“We are, each of us, stones skipped across the waters of the universe. The ripples of our presence, whatever it is, good or bad, radiate forever. As you go, in other words, so goes the world. Now tell me again, what is it in life that you want someone else to correct?”

– Joan Chittister, OSB

Being close to the river, and feeling soothed by its presence, I have been heading out almost daily with Lilly, or with Lilly and Noah, or, when work is through, with the whole gang, Lilly, Noah, Kota and Paula.

The first time I offered the idea up to Lilly it was met with a blank stare.

I spiced things up by adding Noah into the mix. The math with Lilly is simple at this age: add her brother to anything and she’s in. I just have to be the one to make the request; she’s often too shy to ask if he’ll sit next to her in the car, if he’ll carry her upstairs or if he’ll go on our adventures.

Noah’s a senior in high school. The math with him is a little more complex; AP Calculus to be exact. It’s not always automatic that he’ll want to (be awake to or be free to) go on an outing. But generally, if skipping stones is a part of it, he’s in.
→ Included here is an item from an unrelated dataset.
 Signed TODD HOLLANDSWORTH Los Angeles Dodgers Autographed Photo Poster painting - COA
My dad taught me to skip stones. I taught Noah. And now Noah’s showing Lilly how it’s done.

“Wooooow.”

Sometimes we compete to see who can get the most skips. Sometimes we aim for the bigger gaps between the skips. Mostly, we love the hunt for flat stones. And especially, I love how the river mediates the currents between us; somehow, it makes it easier for us to talk with one another.
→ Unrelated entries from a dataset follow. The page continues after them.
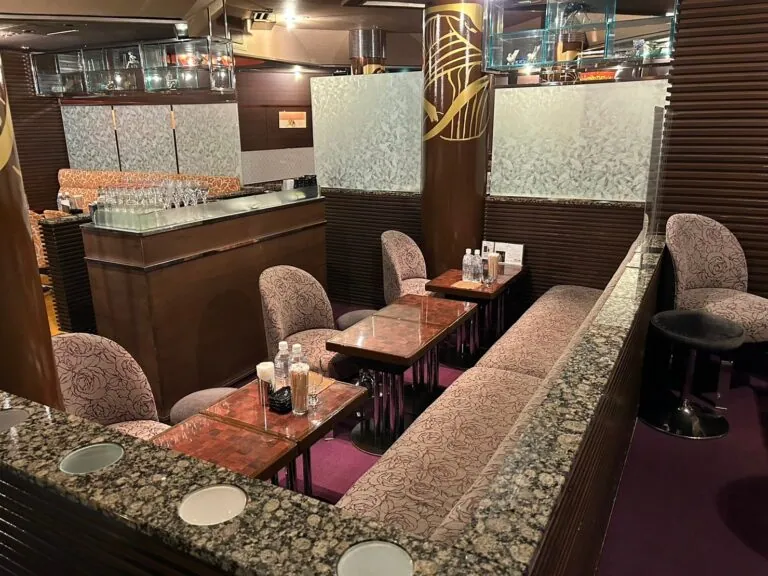 キンコンカ (瑾鵾花)の店内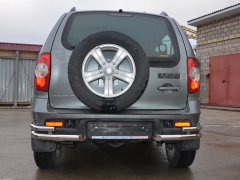 Тюнинг внедорожника Защита заднего бампера Chevrolet Niva 2010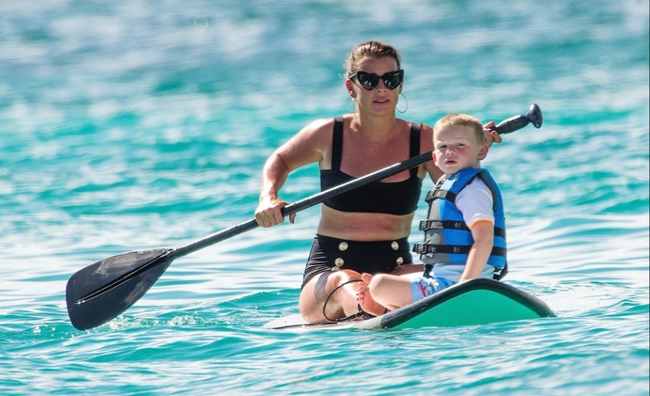Rooney dẫn vợ và các con đi nghỉ dưỡng ở Caribe - Ảnh 4.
The two Sutra-s above, from Patanjali’s chapter on practice, are translated by Bernard Bouanchaud as:II-21  What is perceived exists to serve as object for the perceiving entity.
II-22   What is perceived no longer exists for the perceiving entity once the intent is fulfilled, but it still exists to serve others.

In a nut shell, what these Sutra-s describe is how everything that rises up, both inside us and in the world around us, has, on a spiritual level, been customized specifically for us.
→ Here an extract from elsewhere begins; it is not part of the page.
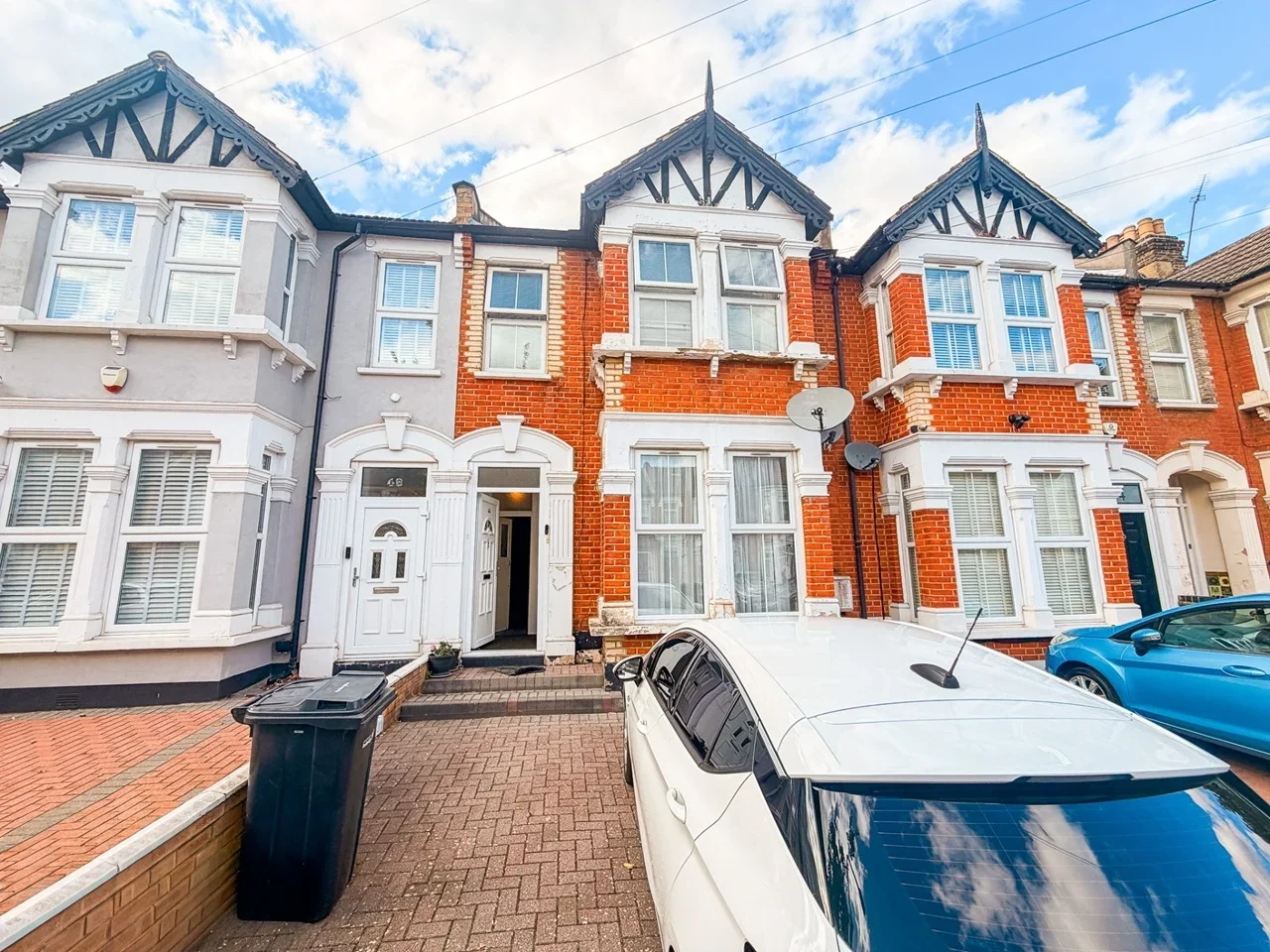 Flat Ingleby Road in Greater London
For everything that arises, Sean Connery is there, reprising his role as the Irish-American cop in the Untouchables, asking our inner Kevin Costner,

“What are you prepared to do?”

Will I react to what’s coming up in me and to what I’m encountering in the world from a place of habit? Snapping back, blaming, woe-is-me-ing, defending, avoiding, going numb or clinging? (Those are my favorites – what are yours?)

Or will I respond – awake to my ripple – to what now needs.

The river awaits our response.  (And it will take our lack of a response as a response.)